The National Renewable Energy Laboratory outlook shows significant projected growth in natural gas and renewables through 2050. The growth will be driven by abundant, low-cost natural gas and renewable energy cost declines and performance improvements.
The outlook discusses four areas of recent and projected future change in the U.S. electricity sector: renewable energy cost declines and associated growth, abundance of low-cost natural gas and associated generation, rapid growth in distributed rooftop photovoltaics (PV), and power sector decarbonization. New to this year's report is the Standard Scenarios Scenario Viewer, which provides downloadable state-level capacity, generation, and other results for the scenarios included in the report.
Shale Gas Revolution
According to the report, the shale gas revolution has led to an abundance of low-cost natural gas and, with it, a dramatic increase in gas-fired generation.
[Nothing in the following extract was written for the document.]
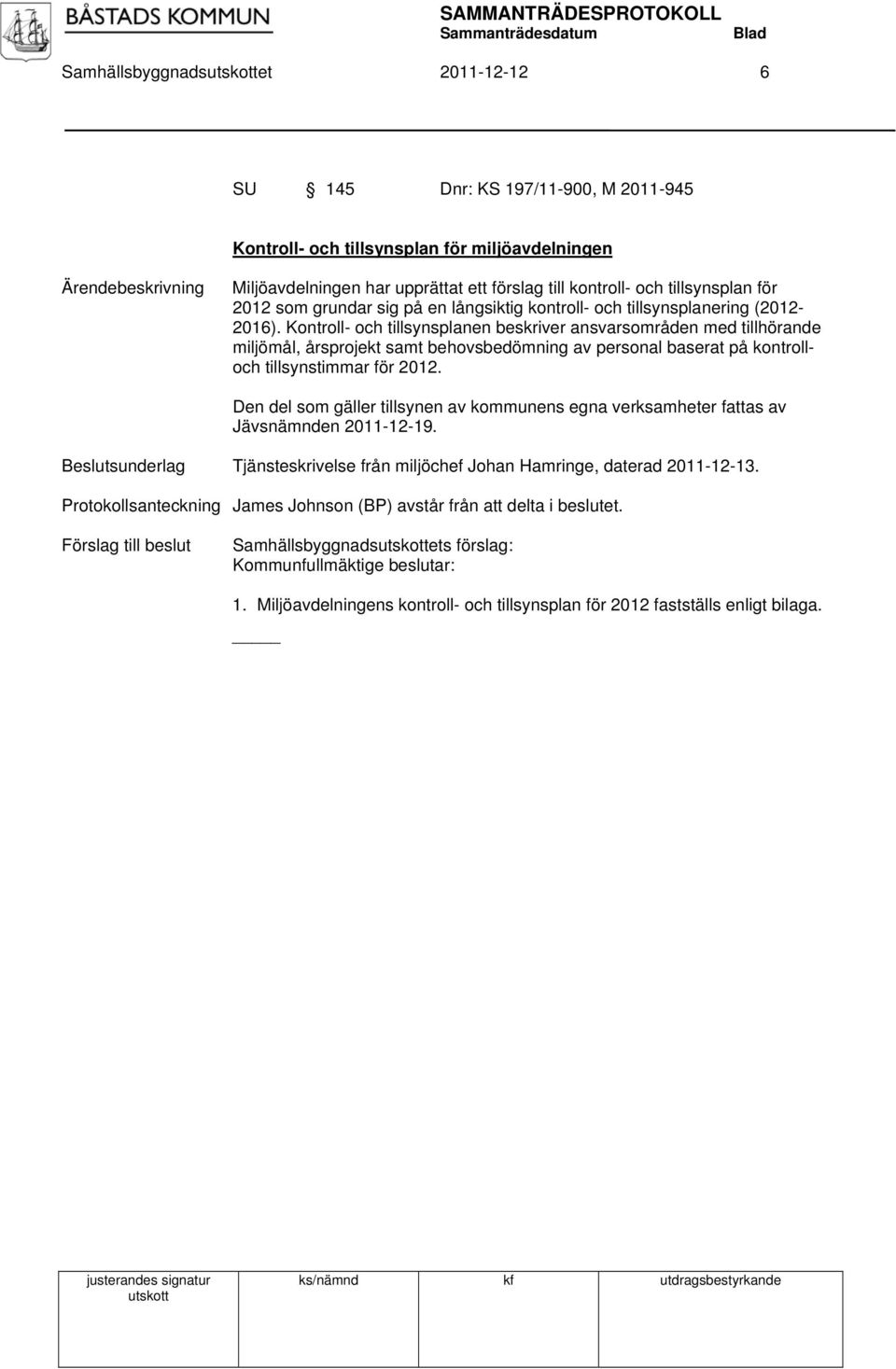 Kontroll- och tillsynsplanen beskriver ansvarsområden med tillhörande miljömål, årsprojekt samt behovsbedömning av personal baserat på kontrolloch tillsynstimmar för 2012.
Similarly, renewable generation technologies have experienced large reductions in cost and improvements in performance which, coupled with renewable energy policies, have aided in increasing investment and generation from renewable energy capacity. These increases in generation from natural gas and renewables have precipitated a decline in coal generation to levels not seen since the 1980s. The resulting energy mix has driven down power sector carbon dioxide emissions such that 2015 emissions were 21% below 2005 levels.
Growth in Renewable Generation
Renewable energy technology costs, especially those for wind and solar photovoltaics (PV), have come down significantly over the past several years, and further reductions in costs and improvements in performance are expected. These declining costs coupled with policy support have led to increased deployment, with renewable sources (including hydropower) accounting for 14% of net U.S. generation in 2015. Given anticipated reductions in renewable energy technology costs and the extension of renewable generation tax credits, strong near-term growth in renewable generation is projected to continue . However, growth in renewable generation is projected to slow following the expiration of the production tax credit and the decrease in value of the investment tax credit in the early 2020s. In the longer term, renewable generation is projected to increase in market share, even under low-cost natural gas conditions. In 2050, renewable energy penetrations reach 33 %–59% of total generation, with the Mid-case Scenario reaching 44%.